Я еще внутренне сопротивлялся ей. Но женщины-шаманы всегда сильнее мужчин, а Лина многое умела… Она окрутила Лягу, затем Вараксина. Она его и застрелила. Ее пистолет, который я сжимал в руке, – копия вараксинского. В его кабинете пахло знойными духами. Да и сейчас все кругом пожухло от сладкого, почти трупного запаха.
– Какая же ты тварь, постельная разведка.
С трудом одолевая адскую головную боль, я склонился над ней, пытаясь ослабить обмотку на ее запястьях.
Внутри фургона что-то фыркнуло, треснуло, ударило жаром вспыхнувших разом канистр.

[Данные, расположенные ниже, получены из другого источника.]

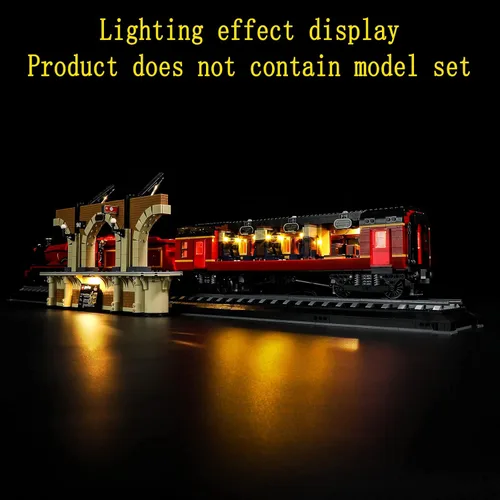 Miniatura 7 de GEAMENT Kit de luces LED compatible con Lego Hogwarts Express Collector's Edition - Juego de iluminación para modelo de construcción 76405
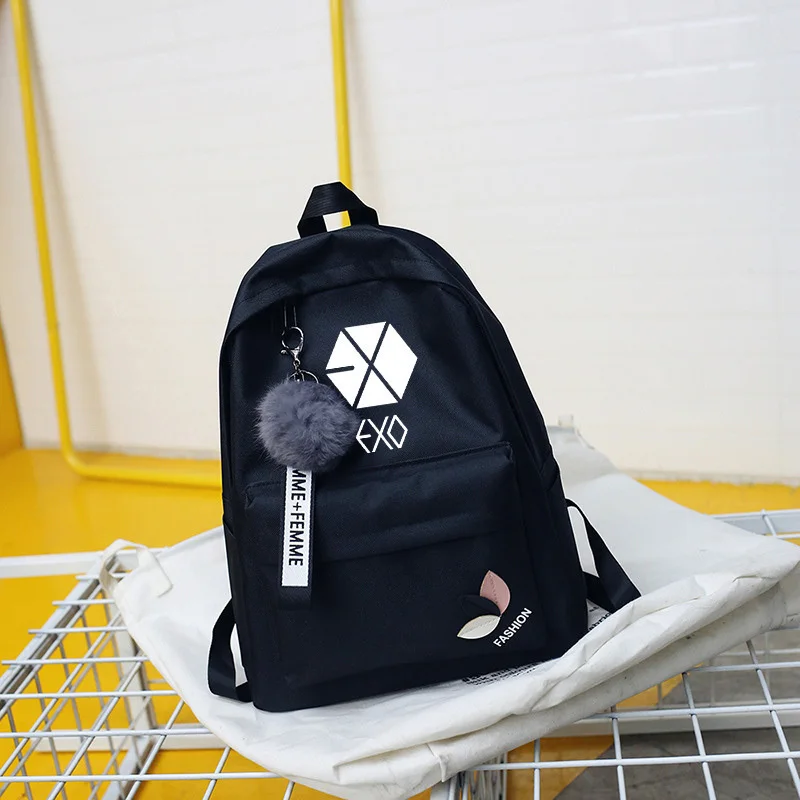 Wanna One Exo Twice Got7 рюкзаки ateez Monsta X Kpop женский рюкзак сумка рюкзак для девочки-подростка K Pop школьный мешок A Dos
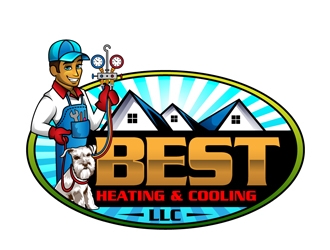 Best Heating & Cooling,LLC logo design by DreamLogoDesign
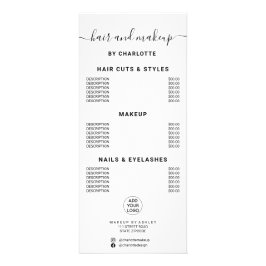 Schwarzer Weißfisch Werbekarte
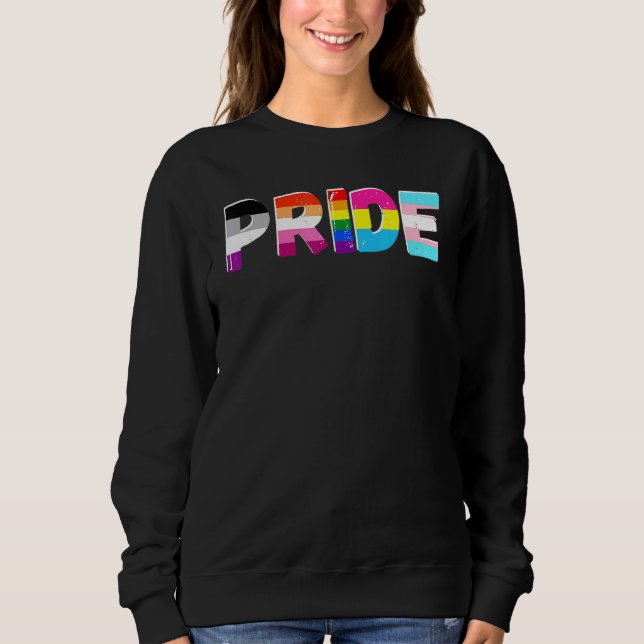 Gay Pride Trans Pride Lesbian Pride Pan Pride Asex Sweatshirt (Front)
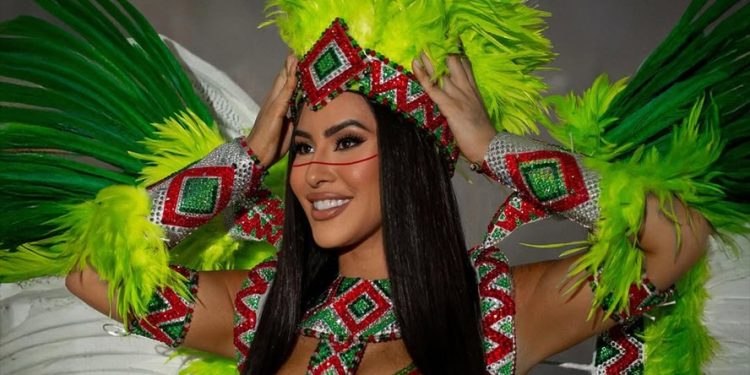 Isabelle Nogueira está fora da escola de samba Grande Rio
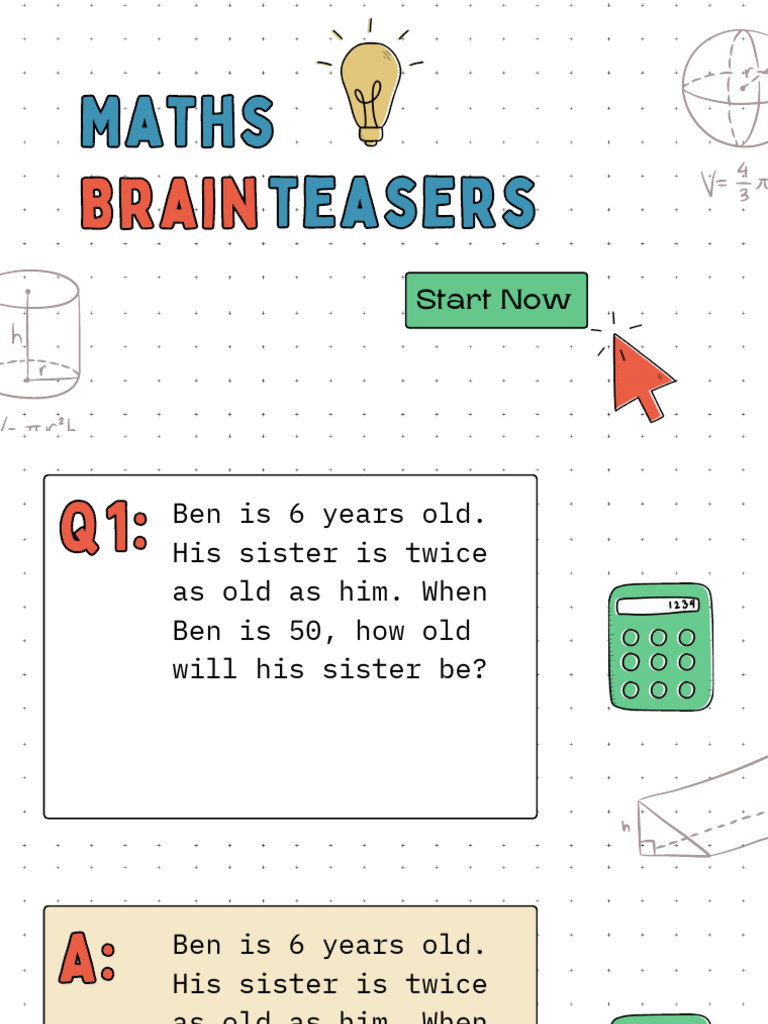Blue, Green and Red Illustrative Maths Brainteasers Activity ...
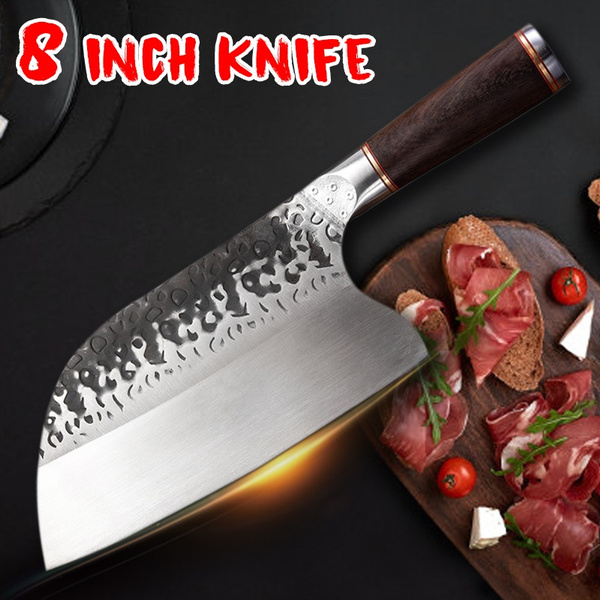 Meat cleaver, 8inch Chinese Chef Knife Stainless Steel Meat Vegetables  Slicing Chopping Cleaver Kitchen Knife Household Cooking Tools Cleaver  Knife,BY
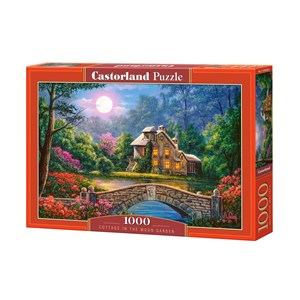 Castorland (C-104208) - "Cottage in the Moon Garden" - 1000 brikker puslespil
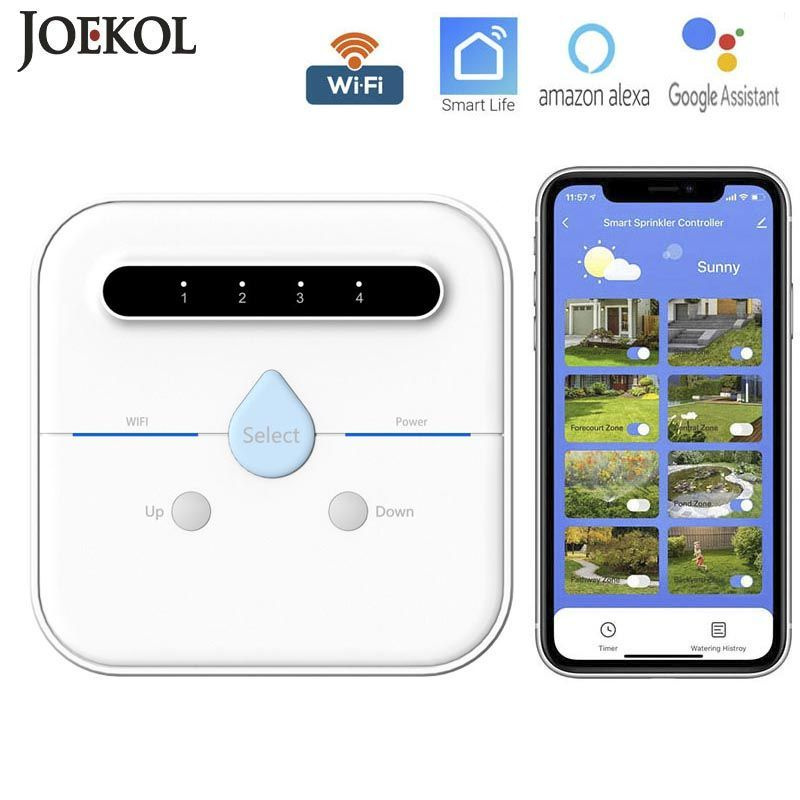 Сектор 4 Умный контроллер орошения сада, садовый электромагнитный ...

– Огонь! – вскрикнула Диона.
Лина дернулась и завыла. Я в один прыжок оказался у заднего колеса, схватил Диону за руку, рывком подбросил ее на ноги. Выворачивая нежные запястья, я волочил за собой Диону и прыжками несся от фургона. Мы скакали по склону вниз, падали, катились кубарем. Через несколько секунд грянул взрыв, нас накрыло горячей волной и еще немного протащило по склону. Когда ко мне вернулось сознание и понимание момента, оказалось, что я намертво сжимаю ручку своего саквояжа. Этот бессознательный жест стоил мне потери пистолета. Когда мы оглянулись назад, фургона уже не было видно. На его месте бушевало пламя, и густой черный дым поднимался в утреннее небо. Внутри пламени еще раздавались хлопки и новые взрывы. Я видел, как связанная Лина вскочила и попыталась бежать, но взрыв догнал и смял ее. Она вспыхнула узким смолистым факелом и рухнула на горящую траву. Вся обгорелая, она вдруг вновь зашевелилась и встала, ощупывая пространство вокруг себя вытянутыми горящими руками, но следующая волна кипящего воздуха опрокинула ее.
– Бежим скорее. Сейчас сюда нагрянет полиция.
Утром в горах стояла тишина. Потом как-то враз проснулись и защебетали птицы. Альпийская весна и беззаботное солнце умоляли забыть о страшном скорченном трупе. Часа через полтора мы остановились, чтобы умыться в ручье и прийти в себя.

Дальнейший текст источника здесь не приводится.